2005

Web Feeds: The Greatest Thing Since Sliced Bread!

Gerry McKiernan (Iowa State University Library) provided the audience with an introduction to RSS feeds and aggregators, especially their potential roles within libraries.

McKiernan describes feeds as automated web surfing. Feeds are sent immediately after something new is posted to the site so the site’s users can know about new content instantly. This is the strength of feeds.

RSS is called so many different things on a website…feed, XML, RSS, syndication, syndicate this site, etc. This identity crisis is part of why most users don’ t yet know what RSS is, much less use it.

ListGarden was mentioned as a useful open source option for creating your own RSS feeds.

McKiernan bemoaned the fact that IE does not have built-in RSS functionality. Firefox, Safari, and Opera has RSS functionality. I’m hearing a lot of anti-IE talk at the forum, which is not surprising at all given the audience.

Many different people and organizations are embracing RSS feeds—politicians, publishers, news organizations, and the library world.
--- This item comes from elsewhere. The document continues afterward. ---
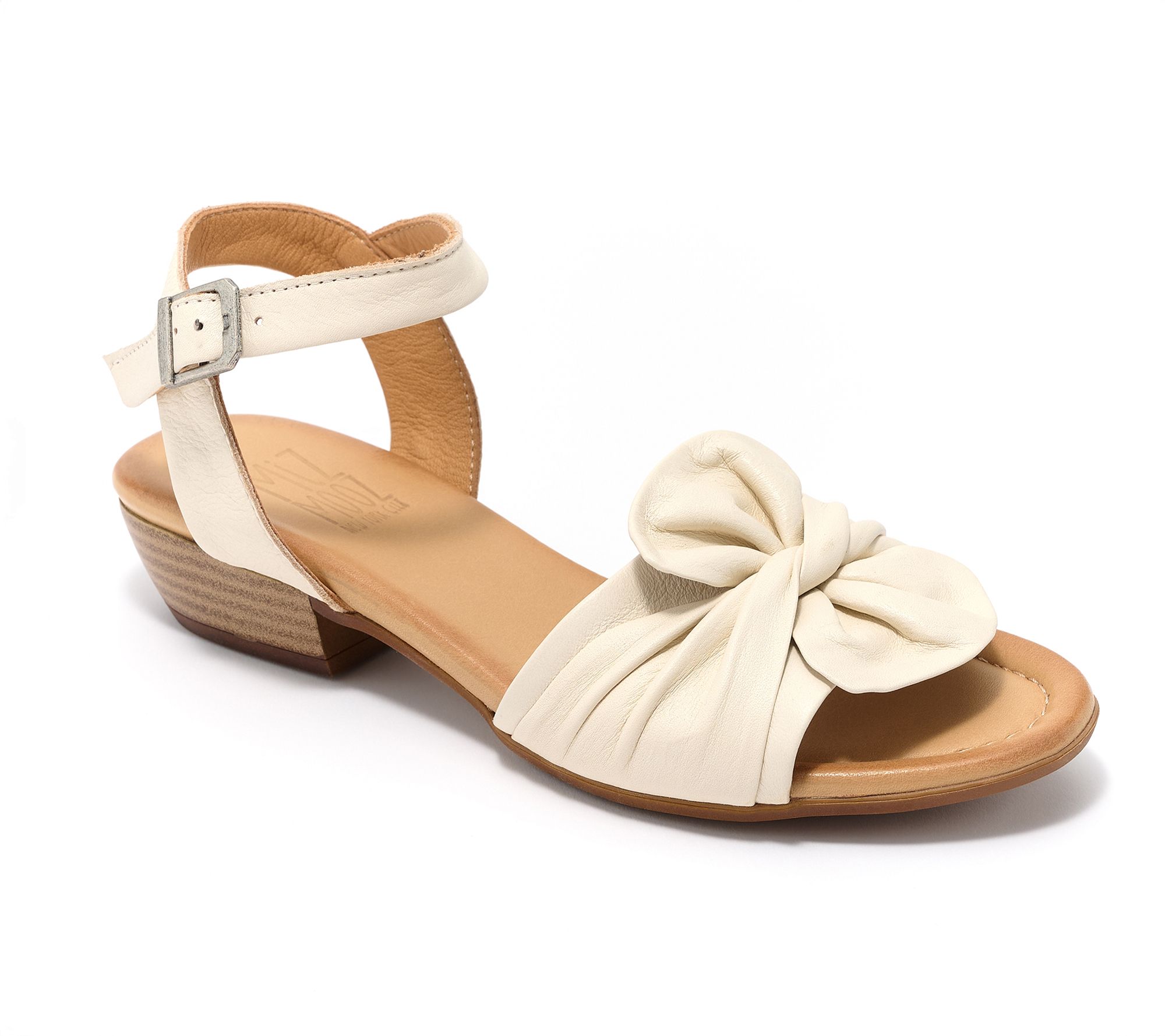Miz Mooz Leather Bow Heeled Sandals - Christa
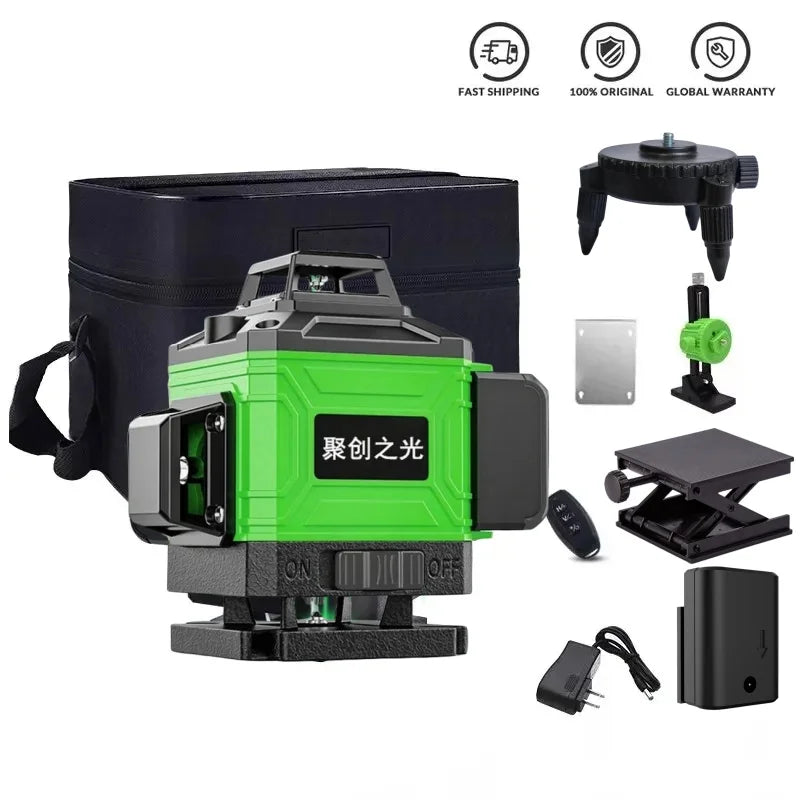 New 4D 8/12/16 Lines Laser Level with Green Line Self-Leveling Horizontal and Vertical Super Powerful for Accurate Measurement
Uses for RSS in libraries mentioned were e-journals, new materials notification in libraries and archives, user instruction, and subscription database content. McKiernan shows us what some libraries are doing with RSS already, and encouraged us to keep going. McKiernan then touched on podcasting as an aspect of RSS that has potential in libraries to extend the library’s reach into “the audio.”